Une note de l’Institut national du cancer (INCa), publiée un an plus tard, allait bien plus loin, en affirmant que l’activité physique s’associait à une diminution de 25 % à 30 % de survenue des cancers du côlon, du sein (surtout après la ménopause) et de l’endomètre. Onze ans plus tôt, le Ministère de la Santé, conjointement avec l’Institut national de prévention et d’éducation pour la santé (INPES) avaient lancé le Programme national nutrition santé (PNNS) dont la campagne Manger-Bouger est aujourd’hui connue de tous.
Le sport remboursé, bientôt en France ?
Alors comment transposer en France des initiatives privées couronnées de succès dans d’autres pays, alors que les habitants de l’hexagone jouissent d’un régime d’assurance maladie unique au monde ? Avec un déficit du régime général de la Sécurité sociale prévu à 14,7 milliards d’euros en 2015, difficile d’imaginer faire peser le remboursement du « tout sport » sur les caisses d’assurance maladie.
En 2012, loin de tomber dans l’utopie de mesures irréalisables – et irréalistes – Marisol Touraine (Ministre de la Santé) et Valérie Fourneyron (ex-Ministre de la Jeunesse et des sports), avaient déjà fait part de leur aspiration à remplacer la surmédication par le sport afin de prévenir de nombreuses maladies. L’idée ? Faire en sorte que les médecins puissent prescrire des séances de sport… remboursées par la Sécurité sociale. Une mesure qui aggraverait considérablement le « trou » de la sécu, avaient hurlé les opposants à la réforme. Pas si sûr. Car si ce projet avait abouti, les assurances maladies auraient pu économiser 6 milliards d’euros par an, selon des chiffres publiés par un regroupement de la fédération des mutuelles de France et de divers acteurs du mouvement sportif.

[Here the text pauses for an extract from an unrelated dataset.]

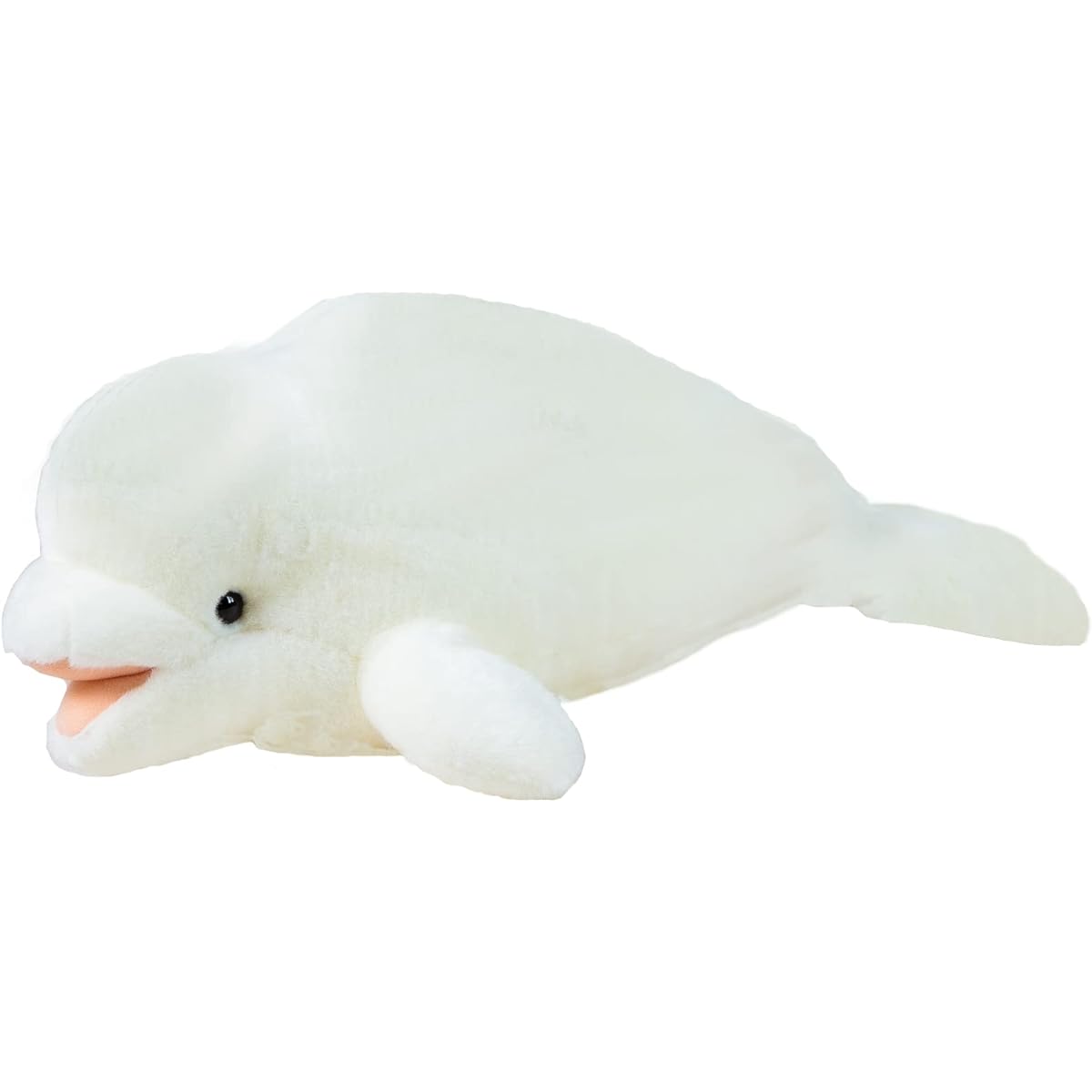 Beluga Plush Whale Stuffed Animal Cute White Big Whale Stuffed Sea Sea Animal Toy (White) (9 Inch)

Où en est ce dossier complexe en 2015 ? « On ne part pas de rien et on avance », assure Valérie Fourneyron, que nous avons pu joindre au téléphone : « On a déjà des pratiques sportives prises en charge pour un certain nombre de pathologies, comme pour les personnes atteintes de bronchites chroniques, ou pour les suites de chirurgie cardiaque ». Au-delà de ces cas particuliers, la députée insiste sur le nombre croissant de réseaux Sport Santé et Bien-être, « des structures de collaboration entre agences régionales de santé, jeunesse et sport et souvent les universitaires [avec notamment] les étudiants STAPS ». Se battant en duel en 2012 (ils étaient deux seulement), ces réseaux sont désormais présents dans toutes les régions françaises, et ne demandent plus qu’à se faire connaitre du grand public.
Enfile ton jogging, c’est gratuit !
Mais à la question de savoir si l’on pourrait imaginer, dans un avenir proche, se voir remboursé tout ou partie de son abonnement annuel au club de sport, l’ancienne Ministre est catégorique : non, la prise en charge ne se concentre que sur les personnes dites « à risque » ou ayant une pathologie déjà connue. Le tout « avec des professionnels de plus en plus formés », insiste cette ancienne médecin du sport, en critiquant les mesures avançant le remboursement des abonnements de fitness. Une pratique loin d’être anodine lors de laquelle le suivi par un « coach » qualifié… est souvent laissé aux vestiaires selon elle.
Interrogée sur les mesures à venir, Valérie Fourneyron « ne doute pas qu’il y aura, dans le projet de loi santé [2015], un débat autour de la place de l’activité physique et sportive comme outil de santé publique et de prévention ». Quant aux mutuelles privées françaises, elles ne semblent pour le moment pas prêtes à prendre exemple sur les compagnies belges ou sud-africaines. Affaire à suivre donc.